In Herkunftsversuchen zeigt die Stieleiche eine herkunftsabhängige Variation phänotypischer Merkmale (Austrieb, Form, Wuchsleistung). Spätaustreibende und deshalb gegenüber dem Eichenwickler resistente Herkünfte stammen hauptsächlich aus Anbauten der Slawonischen Späteiche (Kroatien). Herkünfte aus dem Süden Deutschlands treiben im Norden und solche aus dem Nordwesten im Osten früher aus als dortige Herkünfte. In Norddeutschland sind des öfteren an weiter östlich angebauten westlichen Herkünften Spätfrostschäden zu verzeichnen gewesen. Genetische Analysen weisen auch auf eine stärkere kleinräumige Variation hin, die jedoch für die Abgrenzung von Herkunftsgebieten keine Entscheidungshilfen liefert.

b) Begründung für die Ausweisung der Herkunftsgebiete

01 Niedersächsischer Küstenraum und Rheinisch-Westfälische Bucht:

Das Herkunftsgebiet 01 ist gekennzeichnet durch ein ozeanisches Tieflandklima mit langer Vegetationszeit und milden Wintern. Weiter östlich angebaute Herkünfte aus diesem Herkunftsgebiet wurden z.B. im Herkunftsgebiet 03 häufig durch Spätfröste geschädigt.

02 Ostsee-Küstenraum:

Im Herkunftsgebiet 02 herrscht ein subozeanisches Tieflandklima mit einem von Nord nach Süd abnehmenden Einfluß der Ostsee. Die Standorte liegen überwiegend im Bereich der Jungmoräne.

03 Heide und Altmark:

Das Herkunftsgebiet 03 weist ein subozeanisch bis subkontinentales Tieflandklima mit nach Südosten zunehmender Kontinentalität und erhöhter Spätfrostgefahr auf. Die Standorte der Stieleiche liegen überwiegend im Bereich der Altmoräne und der jüngeren Flußablagerungen.

04 Ostdeutsches Tiefland:

Das Herkunftsgebiet 04 weist ein subkontinentales Tieflandklima mit erhöhter Spätfrostgefahr auf. Die Stieleiche stockt vornehmlich auf Grundmoränen und Talsanden. Sie ist neben der Traubeneiche im Herkunftsgebiet 04 von Natur aus die wichtigste Laubbaumart.

05 Mitteldeutsches Tief- und Hügelland:

Das Herkunftsgebiet 05 weist aufgrund der Lage im Regenschatten der Mittelgebirge ein subkontinentales Tieflandklima auf. Vorherrschend sind lößüberlagerte Standorte. Die Stieleiche kommt hier außer in Flußauen auch auf tonigen und trockenen Standorten vor. Sie ist neben der Traubeneiche im Herkunftsgebiet 05 die wichtigste Laubbaumart.
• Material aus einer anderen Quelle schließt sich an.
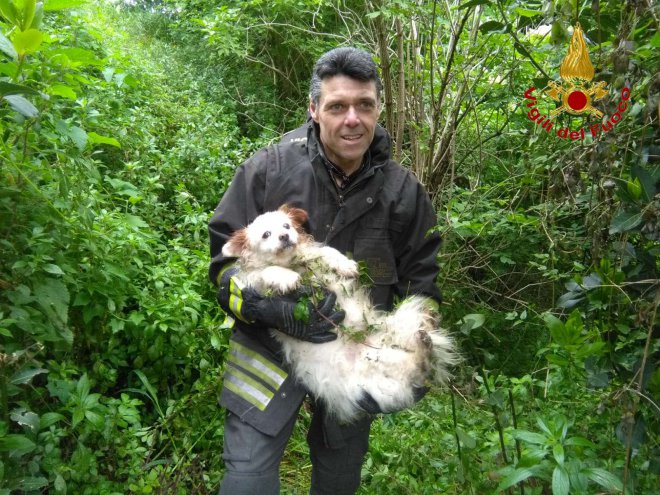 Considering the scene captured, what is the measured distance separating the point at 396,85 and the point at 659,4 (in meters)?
3.65

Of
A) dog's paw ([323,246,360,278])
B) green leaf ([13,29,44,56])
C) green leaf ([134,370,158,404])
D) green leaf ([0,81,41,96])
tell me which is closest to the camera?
green leaf ([0,81,41,96])

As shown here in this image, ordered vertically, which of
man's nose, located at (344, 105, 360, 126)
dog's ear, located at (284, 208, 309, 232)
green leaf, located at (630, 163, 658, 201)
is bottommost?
dog's ear, located at (284, 208, 309, 232)

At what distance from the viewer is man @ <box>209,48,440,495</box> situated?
2648 mm

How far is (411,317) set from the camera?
275cm

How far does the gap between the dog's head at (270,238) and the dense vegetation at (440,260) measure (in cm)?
86

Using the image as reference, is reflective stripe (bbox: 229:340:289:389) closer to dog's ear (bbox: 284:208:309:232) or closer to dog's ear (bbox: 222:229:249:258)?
dog's ear (bbox: 222:229:249:258)

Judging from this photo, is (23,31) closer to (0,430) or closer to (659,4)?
(0,430)

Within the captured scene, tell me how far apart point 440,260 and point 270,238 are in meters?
2.36

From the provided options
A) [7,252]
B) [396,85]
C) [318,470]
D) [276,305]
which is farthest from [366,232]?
[396,85]

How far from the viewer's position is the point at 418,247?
3.07 m

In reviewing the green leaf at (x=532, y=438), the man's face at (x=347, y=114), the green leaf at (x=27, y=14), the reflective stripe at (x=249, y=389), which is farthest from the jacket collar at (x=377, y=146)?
the green leaf at (x=532, y=438)

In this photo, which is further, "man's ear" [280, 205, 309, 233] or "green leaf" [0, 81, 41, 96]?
"man's ear" [280, 205, 309, 233]

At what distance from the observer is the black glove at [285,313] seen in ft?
8.45

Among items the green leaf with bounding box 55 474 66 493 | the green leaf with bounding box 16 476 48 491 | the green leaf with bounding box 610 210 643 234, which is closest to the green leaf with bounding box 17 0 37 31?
the green leaf with bounding box 16 476 48 491
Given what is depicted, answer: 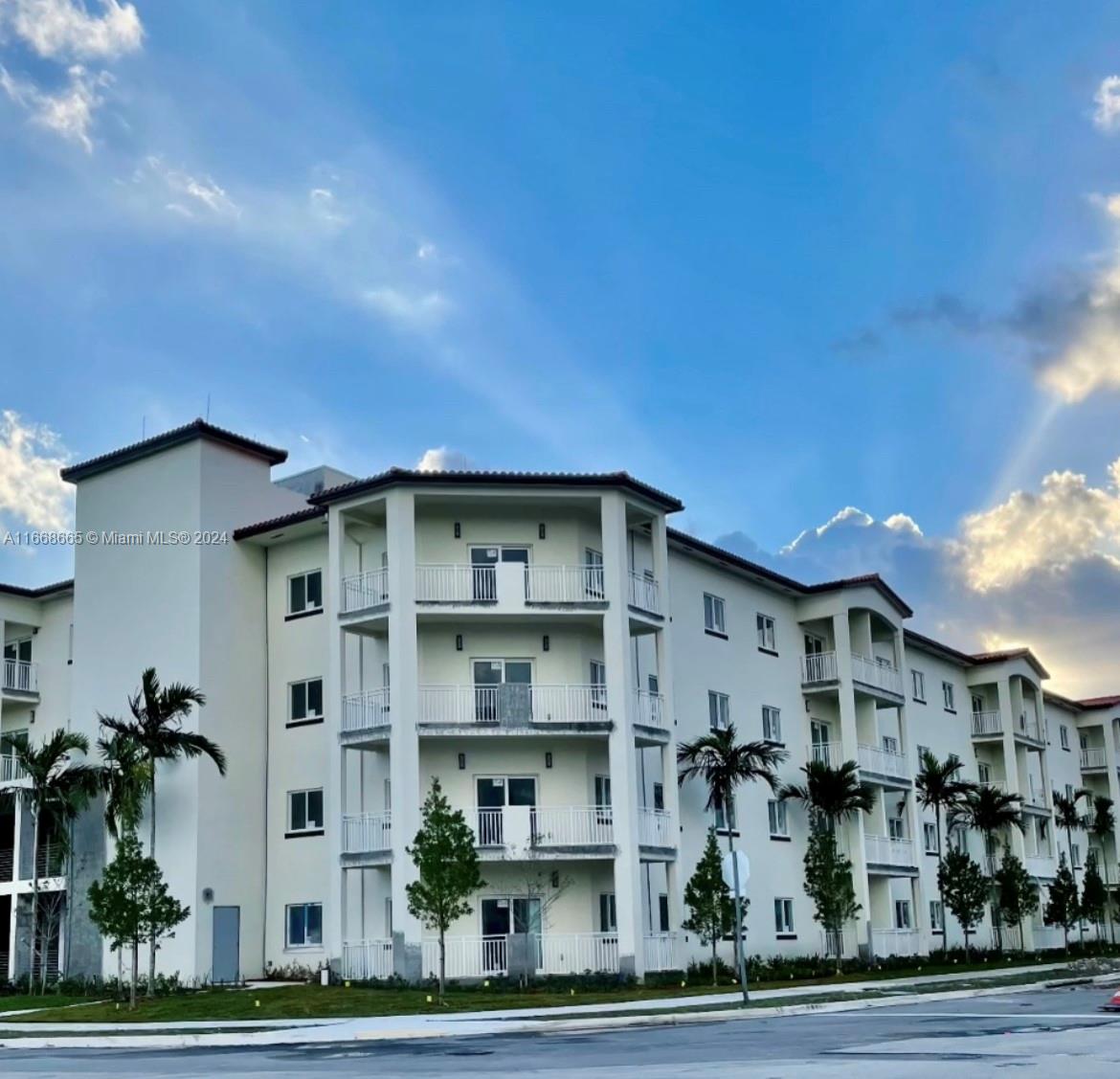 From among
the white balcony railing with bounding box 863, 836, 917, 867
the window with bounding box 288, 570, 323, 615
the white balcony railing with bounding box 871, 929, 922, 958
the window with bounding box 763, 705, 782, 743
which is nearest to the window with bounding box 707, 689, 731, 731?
the window with bounding box 763, 705, 782, 743

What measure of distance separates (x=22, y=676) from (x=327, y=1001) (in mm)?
24131

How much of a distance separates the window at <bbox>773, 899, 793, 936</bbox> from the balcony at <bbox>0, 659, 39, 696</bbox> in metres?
26.3

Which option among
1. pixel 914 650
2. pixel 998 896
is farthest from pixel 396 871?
pixel 998 896

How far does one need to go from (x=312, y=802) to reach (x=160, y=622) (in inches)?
277

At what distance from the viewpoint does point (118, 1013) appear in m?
33.1

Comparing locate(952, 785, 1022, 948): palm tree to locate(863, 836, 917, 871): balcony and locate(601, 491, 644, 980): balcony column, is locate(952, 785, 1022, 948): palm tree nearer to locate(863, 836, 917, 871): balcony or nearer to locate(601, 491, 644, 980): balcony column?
locate(863, 836, 917, 871): balcony

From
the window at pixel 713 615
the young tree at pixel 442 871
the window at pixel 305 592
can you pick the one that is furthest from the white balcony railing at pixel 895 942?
the window at pixel 305 592

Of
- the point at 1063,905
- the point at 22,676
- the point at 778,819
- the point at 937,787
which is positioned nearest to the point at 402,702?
the point at 778,819

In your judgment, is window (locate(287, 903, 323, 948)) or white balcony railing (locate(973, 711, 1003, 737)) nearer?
window (locate(287, 903, 323, 948))

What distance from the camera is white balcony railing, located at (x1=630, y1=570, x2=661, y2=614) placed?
1713 inches

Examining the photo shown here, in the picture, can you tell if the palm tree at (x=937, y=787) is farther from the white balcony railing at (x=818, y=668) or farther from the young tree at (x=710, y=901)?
the young tree at (x=710, y=901)

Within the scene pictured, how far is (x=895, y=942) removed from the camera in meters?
53.7

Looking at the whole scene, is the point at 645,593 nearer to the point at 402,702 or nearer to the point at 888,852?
the point at 402,702

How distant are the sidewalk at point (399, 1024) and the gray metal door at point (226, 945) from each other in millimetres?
10962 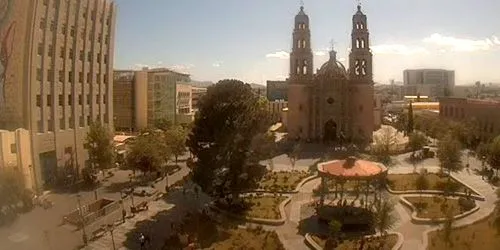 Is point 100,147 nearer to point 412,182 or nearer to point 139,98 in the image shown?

06 Westdeutsches Bergland:

Das Herkunftsgebiet 06 ist durch ein ozeanisch bis subozeanisches Berglandklima geprägt, wobei mit der Höhe die Fröste zunehmen. Die Standorte sind kleinräumiger gegliedert als im Tiefland.

07 Oberrheingraben:

Das Herkunftsgebiet 07 liegt überwiegend in der planaren Stufe und zeichnet sich durch eine besondere Wärmebegünstigung aus. Es wurde auch aufgrund der großen Bedeutung der Stieleiche im Auewald abgegrenzt.
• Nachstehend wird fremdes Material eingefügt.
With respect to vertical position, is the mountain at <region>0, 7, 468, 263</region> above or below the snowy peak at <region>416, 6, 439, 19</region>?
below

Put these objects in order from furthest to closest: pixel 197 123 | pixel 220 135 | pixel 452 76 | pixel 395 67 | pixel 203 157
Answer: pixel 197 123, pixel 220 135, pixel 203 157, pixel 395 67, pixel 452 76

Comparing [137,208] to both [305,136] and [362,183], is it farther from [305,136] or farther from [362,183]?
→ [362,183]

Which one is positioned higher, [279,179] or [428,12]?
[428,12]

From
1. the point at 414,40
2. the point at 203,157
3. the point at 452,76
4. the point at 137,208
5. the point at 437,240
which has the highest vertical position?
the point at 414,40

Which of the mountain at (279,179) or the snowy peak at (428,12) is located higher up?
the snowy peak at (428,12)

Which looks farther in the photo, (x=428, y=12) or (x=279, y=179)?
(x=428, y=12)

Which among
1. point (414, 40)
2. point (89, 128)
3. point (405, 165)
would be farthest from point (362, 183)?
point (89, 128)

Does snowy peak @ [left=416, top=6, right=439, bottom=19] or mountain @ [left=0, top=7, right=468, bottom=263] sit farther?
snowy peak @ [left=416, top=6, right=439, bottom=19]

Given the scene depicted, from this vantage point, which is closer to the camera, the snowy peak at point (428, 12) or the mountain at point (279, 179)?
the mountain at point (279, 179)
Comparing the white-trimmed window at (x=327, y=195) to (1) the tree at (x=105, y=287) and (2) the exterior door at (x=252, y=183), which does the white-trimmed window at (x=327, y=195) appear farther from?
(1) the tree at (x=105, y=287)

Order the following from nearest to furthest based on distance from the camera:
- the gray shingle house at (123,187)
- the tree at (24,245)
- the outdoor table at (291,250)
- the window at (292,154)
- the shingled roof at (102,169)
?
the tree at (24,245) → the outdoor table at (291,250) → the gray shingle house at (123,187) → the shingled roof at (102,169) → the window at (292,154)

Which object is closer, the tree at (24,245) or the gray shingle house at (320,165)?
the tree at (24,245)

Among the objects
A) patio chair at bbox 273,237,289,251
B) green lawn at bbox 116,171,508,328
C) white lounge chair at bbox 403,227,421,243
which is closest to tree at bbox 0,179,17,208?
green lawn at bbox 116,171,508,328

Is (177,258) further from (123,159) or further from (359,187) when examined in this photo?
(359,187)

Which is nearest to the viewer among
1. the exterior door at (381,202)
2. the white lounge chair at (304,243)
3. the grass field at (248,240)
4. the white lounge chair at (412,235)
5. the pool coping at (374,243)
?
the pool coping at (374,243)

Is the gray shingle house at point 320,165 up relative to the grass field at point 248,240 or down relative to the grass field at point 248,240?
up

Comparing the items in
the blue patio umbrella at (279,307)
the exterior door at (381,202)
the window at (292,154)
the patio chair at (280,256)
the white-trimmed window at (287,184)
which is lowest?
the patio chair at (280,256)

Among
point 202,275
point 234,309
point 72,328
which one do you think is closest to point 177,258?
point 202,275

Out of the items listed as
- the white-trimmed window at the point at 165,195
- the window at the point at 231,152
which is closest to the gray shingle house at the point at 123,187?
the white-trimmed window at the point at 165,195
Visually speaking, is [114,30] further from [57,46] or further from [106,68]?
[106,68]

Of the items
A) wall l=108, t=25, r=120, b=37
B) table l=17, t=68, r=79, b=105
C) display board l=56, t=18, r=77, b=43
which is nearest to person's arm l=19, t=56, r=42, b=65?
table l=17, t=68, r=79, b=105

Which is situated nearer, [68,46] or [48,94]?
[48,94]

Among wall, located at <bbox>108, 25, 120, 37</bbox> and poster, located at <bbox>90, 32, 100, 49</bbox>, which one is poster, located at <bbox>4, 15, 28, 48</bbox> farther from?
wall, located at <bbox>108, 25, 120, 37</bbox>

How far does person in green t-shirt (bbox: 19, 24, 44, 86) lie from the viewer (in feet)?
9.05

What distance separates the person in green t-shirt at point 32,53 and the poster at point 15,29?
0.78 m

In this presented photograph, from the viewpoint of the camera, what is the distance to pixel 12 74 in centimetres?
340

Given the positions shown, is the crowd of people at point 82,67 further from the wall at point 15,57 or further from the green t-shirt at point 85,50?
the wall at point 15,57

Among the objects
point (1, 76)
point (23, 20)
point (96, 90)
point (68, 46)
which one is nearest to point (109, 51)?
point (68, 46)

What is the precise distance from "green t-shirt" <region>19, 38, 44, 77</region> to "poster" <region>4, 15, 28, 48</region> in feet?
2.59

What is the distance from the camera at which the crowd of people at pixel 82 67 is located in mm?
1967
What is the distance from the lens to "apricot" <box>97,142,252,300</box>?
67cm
08 Südostdeutsches Hügel- und Bergland:

Das Herkunftsgebiet 08 weist ein subkontinentales Berglandklima mit strengen Wintern auf.

09 Süddeutsches Hügel- und Bergland sowie Alpen:

Das Herkunftsgebiet 09 stellt topographisch bedingt ein Gebiet mit stark differenziertem subozeanisch bis subkontinentalem Klima dar. Die Standorte sind relativ kleinräumig gegliedert. Aufgrund der geringen Bedeutung der Stieleiche in den Alpen wurden diese nicht als gesondertes Herkunftsgebiet ausgewiesen.